Animali tra sporcizia e malattie
Nel corso dei controlli i militari hanno trovato oltre 100 cani meticci, distribuiti tra l’abitazione, piccoli box esterni e le pertinenze dell’immobile. Tutti gli ambienti erano invasi da deiezioni e rifiuti, mentre gli accertamenti veterinari hanno evidenziato diffuse patologie infettive e parassitarie, riconducibili alla totale assenza di cure e profilassi. I controlli hanno inoltre accertato la presenza di numerosi cuccioli, frutto di una riproduzione incontrollata dovuta alla mancata sterilizzazione e alla promiscuità tra maschi e femmine.
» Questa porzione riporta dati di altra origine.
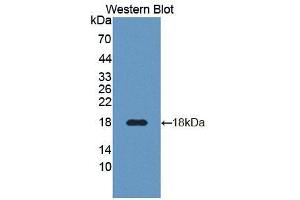 Western blot analysis of the recombinant protein. (DR3/LARD anticorps  (AA 38-167))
Già trasferiti i primi animali
Con il supporto dei veterinari dell’Asp di Palermo sono stati identificati 93 cani, 86 dei quali privi di microchip, immediatamente applicato. Altri dieci esemplari non sono stati identificati perché particolarmente aggressivi. Dopo il sequestro preventivo disposto dall’autorità giudiziaria, è iniziato il trasferimento degli animali. Dopo i primi sette esemplari, sono stati portati al Canile sanitario di Carini altri 34 cani, tra cui 11 fattrici con 19 cuccioli, tre maschi adulti e una femmina gravida.